After some distance past Epe we get on the main East-West highway which is paved and divided, although a bit overgrown with weeds. Eventually we turn off on to a paved, but undivided road. Eventually the pavement ends and we are on a gravel road; We know that we are getting closer to the forest when we start seeing logging trucks. Our first stop, a small guest house in a community creatively named, “J4”. This is where the security guards and the driver will sleep. It is now 11:30 AM, a full 3-hour drive from Lekki without stopping.
After dropping off two of the guards and parking one of the cars and an SUV, we transfer gear into the pick-up truck then enter Omo Forest. This area is not a pristine national park, but a loosely managed logging operation. Many of the trees we saw being hauled out were second generation plantings.

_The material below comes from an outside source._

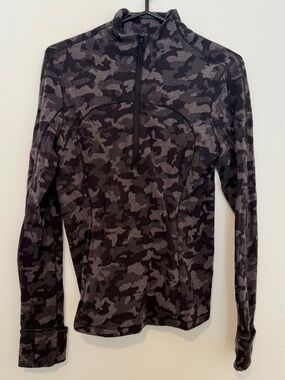 Lululemon camo half zip - 12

Another hour down a deeply rutted road with make-shift logs straddling streams we come the first really big obstacle, Bailey Bridge. This bridge spanning a significant river was build around 1960 by the British and basically has not had any maintenance since. The planks over the rusted iron works were rotted and impassable. Our trip organizer had paid for the really bad spots to be topped with wood, but nothing had been done. It was now 1:00 PM so we relaxed and ate a sandwich for lunch while wood was located and put into place.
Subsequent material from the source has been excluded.